====== RECORD EXCERPTS

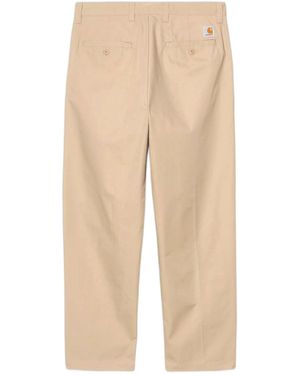 Carhartt Pantalon Pantalon De Chaudiere - Neutre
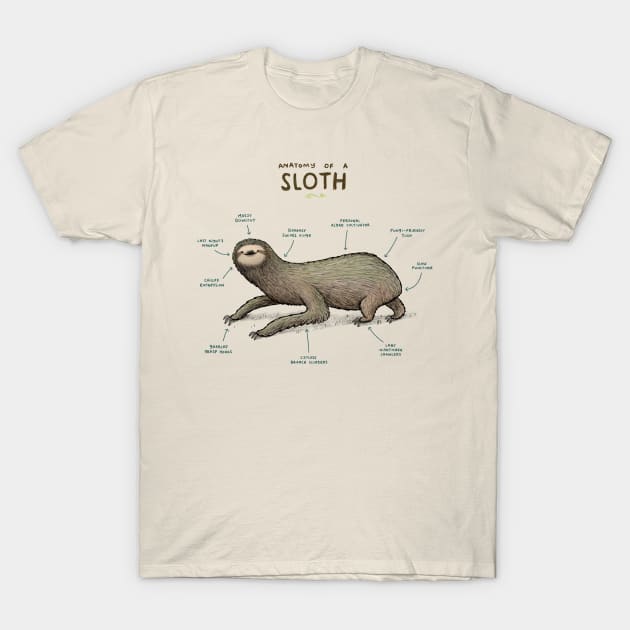 Sloth t shirt deals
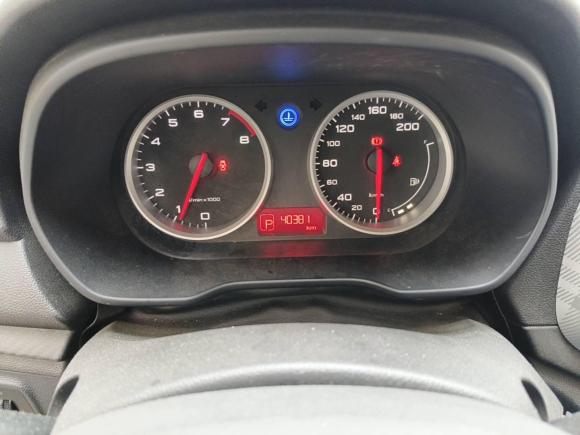 [上海·沪C] 二手名爵名爵32017款 1.5L 自动智联精英版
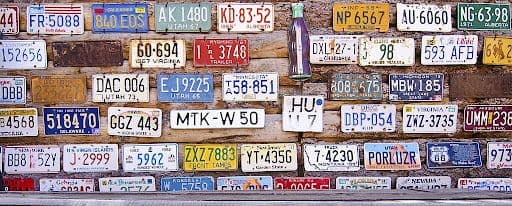 Plat Nomer Putih Akan Berlaku, Plat Hitam Wajib Ganti?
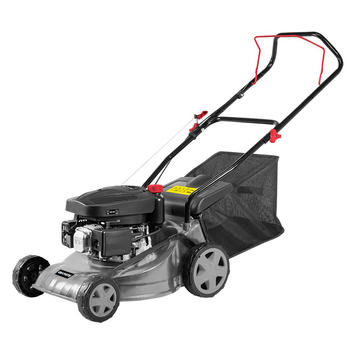 Газонокосарка бензинова GRAPHITE 1300Вт (1.8к.с.) 40см 45л 25-65мм 19.5кг (52G670)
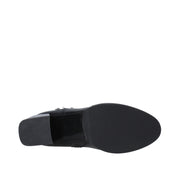 Stivaletti Nero Gold&gold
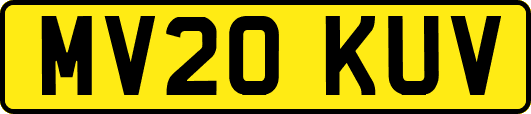 MV20KUV
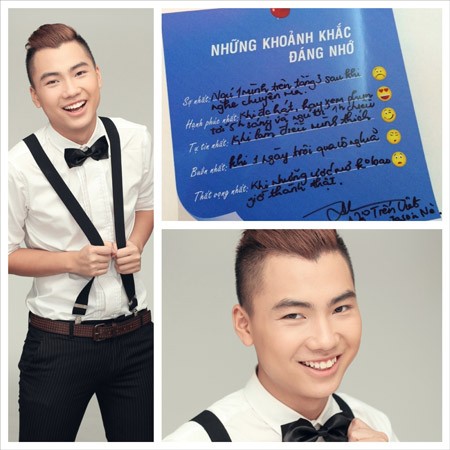"Hé lộ" những điều khiến top 6 Vietnam Idol "khiếp sợ" ảnh 1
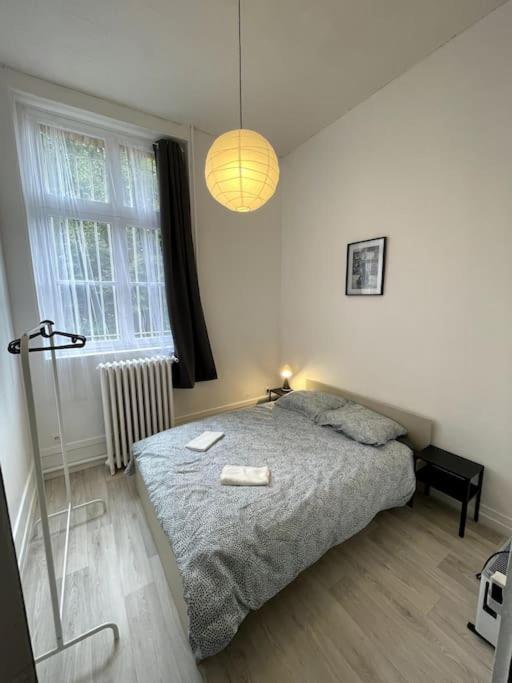 Agreable Maison De Ville Dans La Plus Belle Avenue Orleans Bagian luar foto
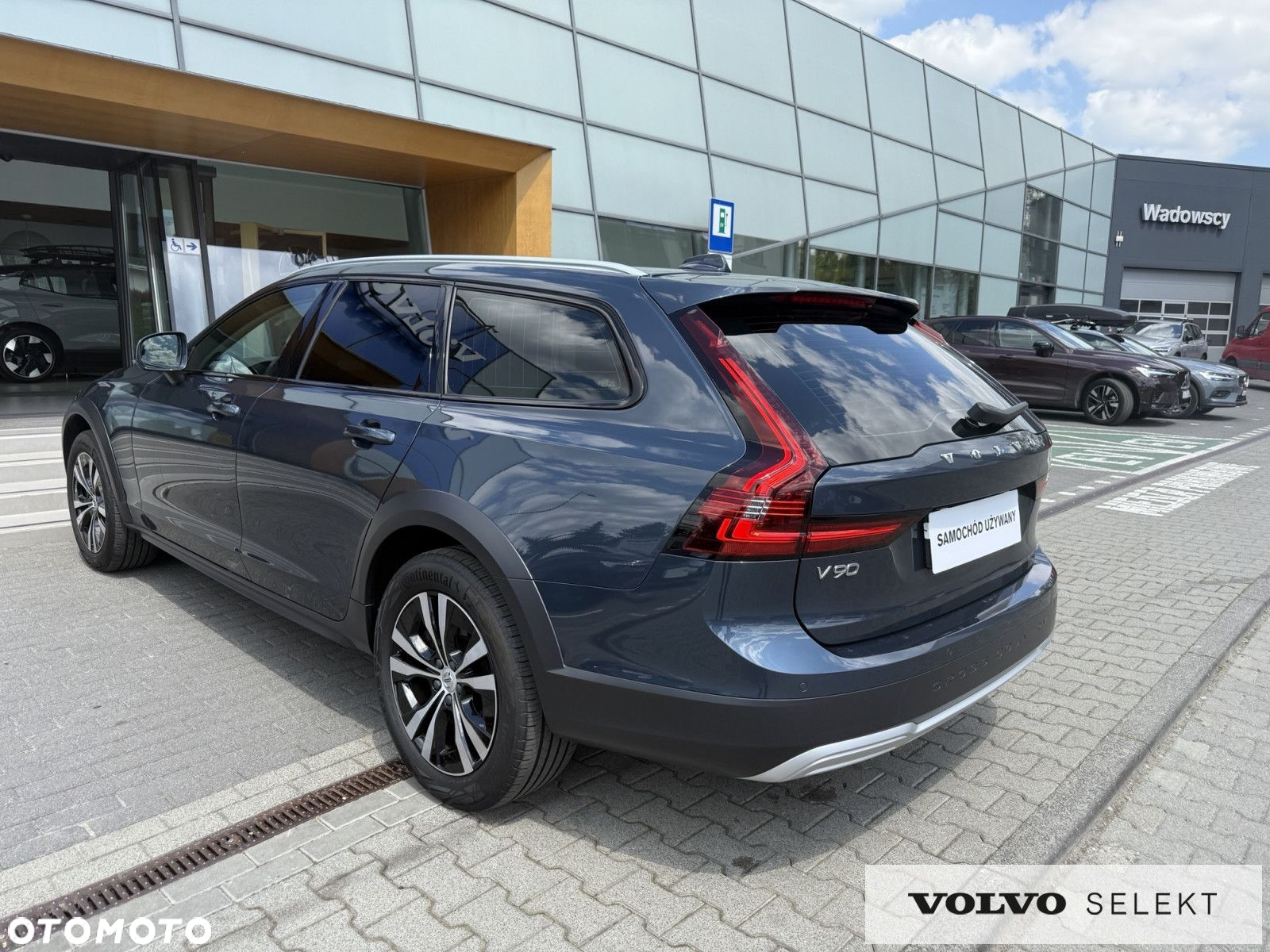 Volvo V90 Cross Country - 7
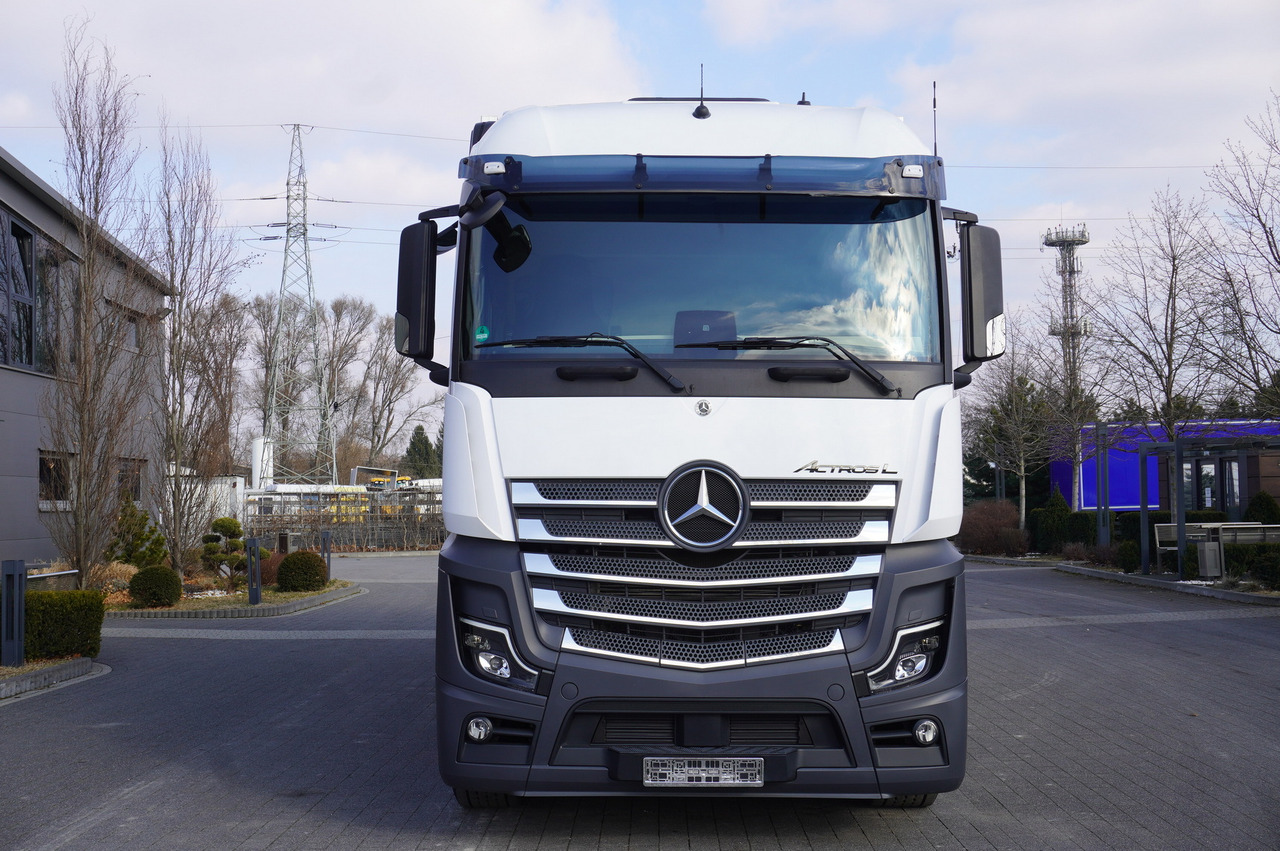 MERCEDES-BENZ Actros L 2545 / NEW Lamberet refrigerator / 2023 / 140 tho. km - Hladnjača: slika 2 MERCEDES-BENZ Actros L 2545 / NEW Lamberet refrigerator / 2023 / 140 tho. km - Hladnjača: slika 2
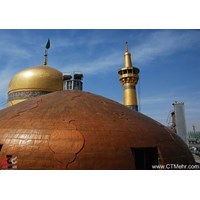 گنبد الله وردیخان مشهد استان خراسان رضوی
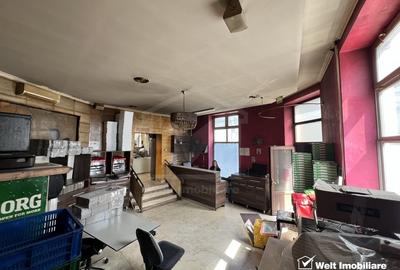 Spațiu comercial, de 130 mp, în Central - 2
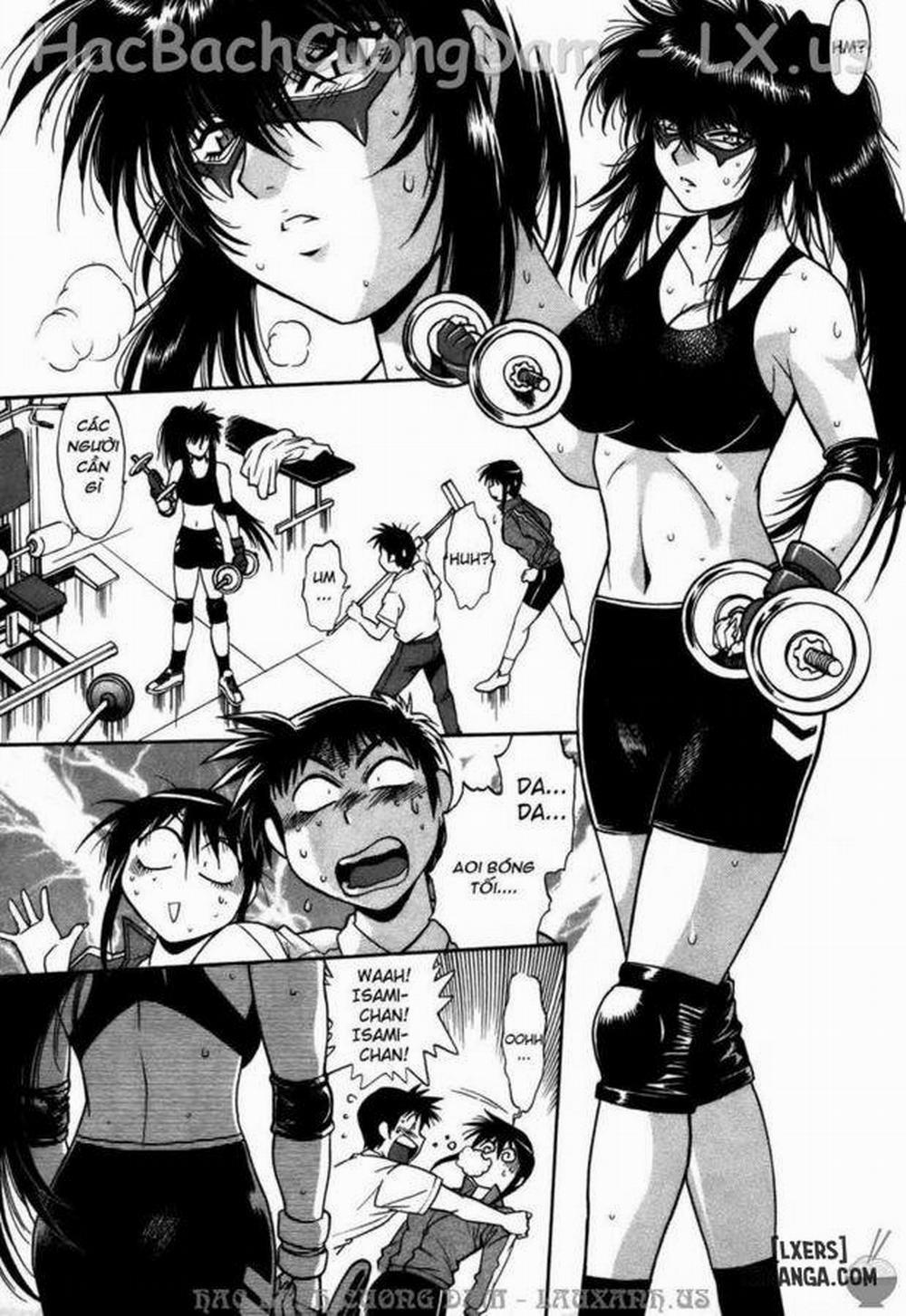 Ring X Mama 25 trang 7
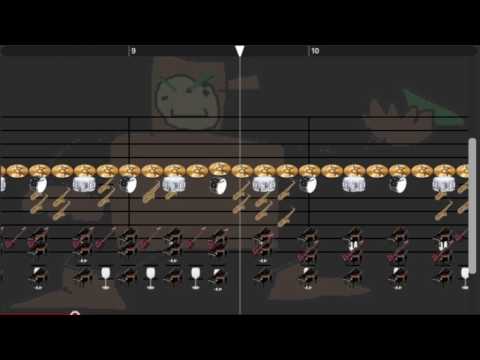 [APRIL FOOLS] Notessimo 2 | mm2wood.mid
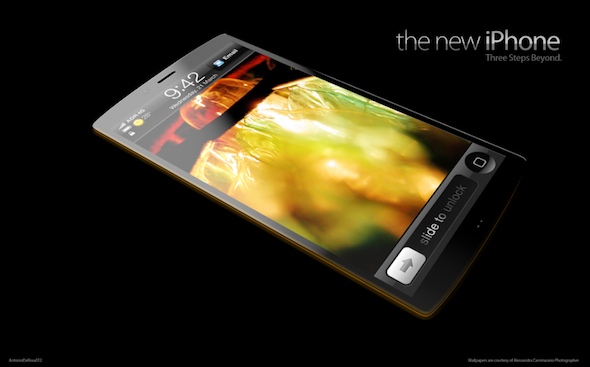 new iPhone 5 concept -01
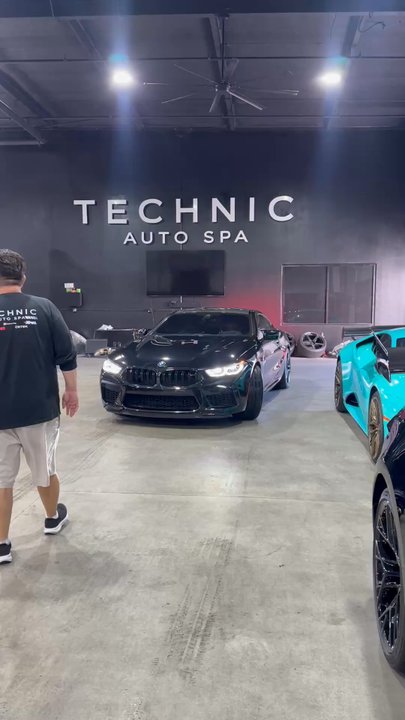 Technic Auto Spa - Auto Detailing Near Me - pasadena, California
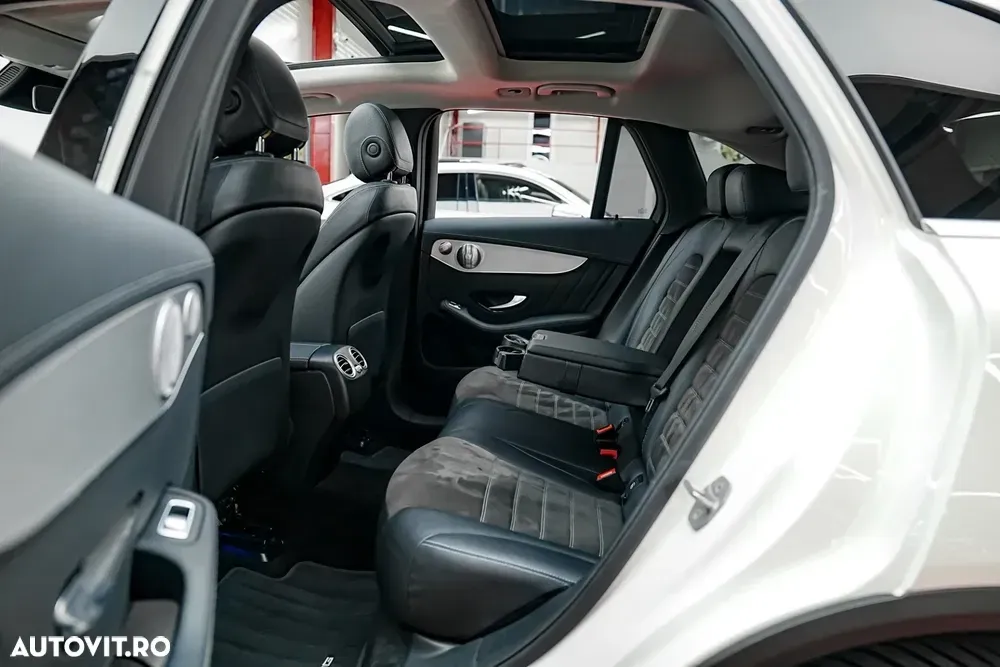 Mercedes-Benz GLC 300 e 4Matic 9G-TRONIC AMG Line Plus — imagine 6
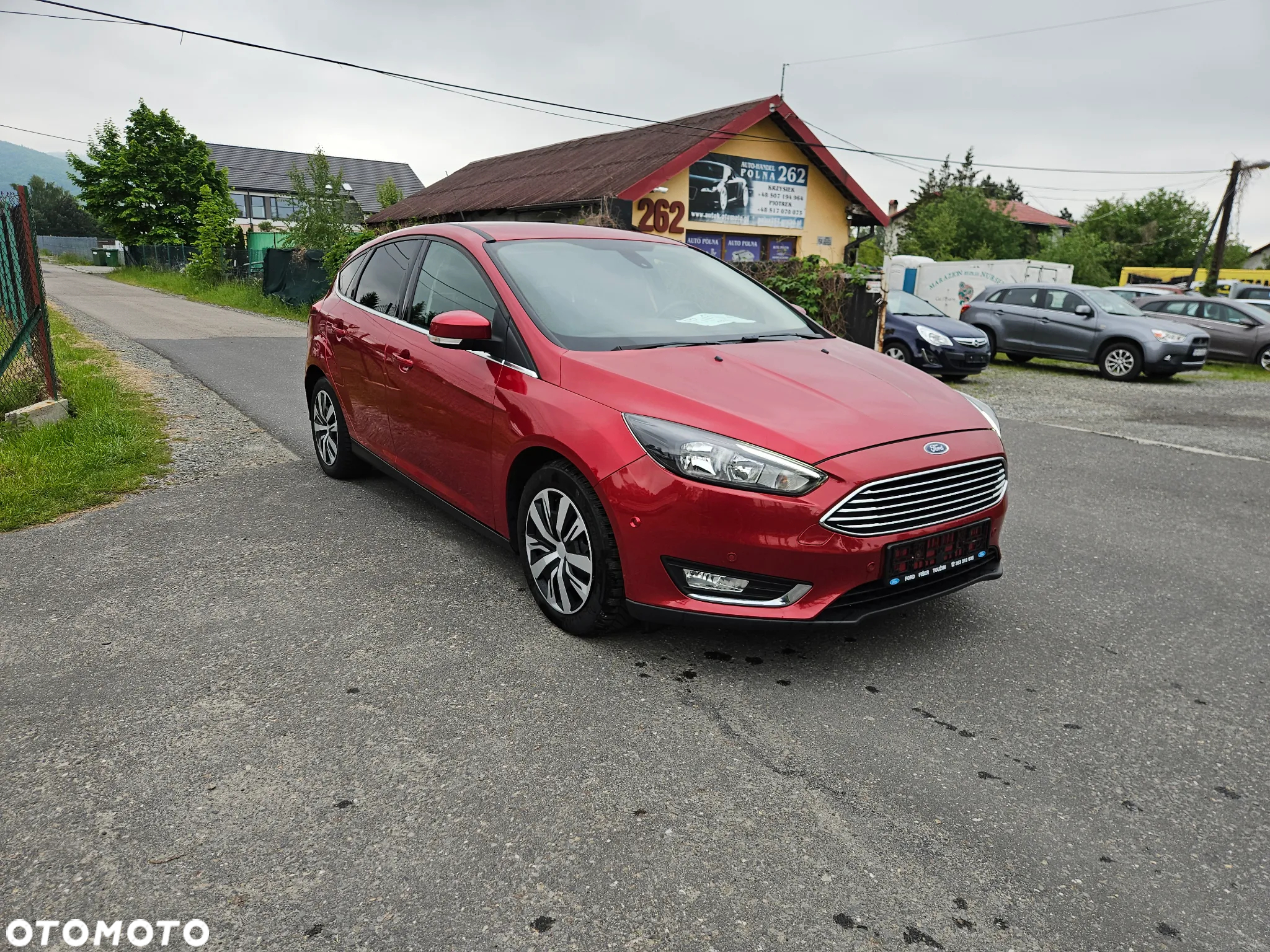 Ford Focus 1.5 EcoBoost Active - 3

============

EXERCISE PROMPT:
Please return, exactly as written, the lines from the first line of the records above through the line containing "Agreable Maison De", both included, leaving out any pictures.

SOLUTION FOR THIS EXERCISE:
 Carhartt Pantalon Pantalon De Chaudiere - Neutre
 Sloth t shirt deals
 [上海·沪C] 二手名爵名爵32017款 1.5L 自动智联精英版
 Plat Nomer Putih Akan Berlaku, Plat Hitam Wajib Ganti?
 Газонокосарка бензинова GRAPHITE 1300Вт (1.8к.с.) 40см 45л 25-65мм 19.5кг (52G670)
 Stivaletti Nero Gold&gold
 MV20KUV
"Hé lộ" những điều khiến top 6 Vietnam Idol "khiếp sợ" ảnh 1
 Agreable Maison De Ville Dans La Plus Belle Avenue Orleans Bagian luar foto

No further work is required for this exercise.